Herring sputtered and gasped, and Jack gave him another ducking, and without the slightest compunction.
"I don't believe in taking a mean advantage of a fellow, as a rule," he laughed, "but that is the only thing that a fellow like you will understand. This is the two-four-six degree, Herring."
Then he gave the bully another ducking and finally left him to look for Merritt, who also deserved something more than he had received.
"I am going to give you a reward of Merritt, Ernest," he laughed, as he finally came upon the sneak sitting on a stone at the edge of the woods, looking very miserable.
"Get out of here, I haven't done nothing," snarled Merritt, too weak to get up. "It wasn't me, it was Pete Herring."
"What is that mask doing on the ground, Merritt?" asked Jack. "And you have your old clothes on also. How does that happen, if you were not in this plot the same as Herring?"
"I was going blackberrying and wore my old clothes so's they wouldn't get hurt. You gotter wear something over your face, too, to keep it from getting scratched."
"Well, here's something else," laughed Jack as he plunged his hand into a mudhole close by and brought it up fairly reeking with black ooze.
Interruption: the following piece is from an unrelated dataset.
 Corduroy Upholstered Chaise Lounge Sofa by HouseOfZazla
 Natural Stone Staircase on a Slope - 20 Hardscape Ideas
Then he gave a generous plaster of the stuff to the bully's face, and chuckled as he went away:
"They say that mud is a sure cure for a lot of things, Merritt, and maybe it will cure you of trying to haze a fellow unawares. Think it over. Thinking won't hurt you, anyhow. You don't do enough to injure you."
Herring had taken himself off by the time Jack went back to the spring, evidently fearing that he would get another dose, which in his weak state he had no desire for and the boy did not find him.
"Well, he has had enough to last him for a time, at any rate," he said with a grin, "and I am not resentful enough to further add to his troubles. I wonder how those others are doing?"
He found Holt sitting on the ground looking very wretched and said, wiping his muddy hand on the fellow's face:
"There's a plaster for you, Holt. You don't look very pretty, but it may do you good."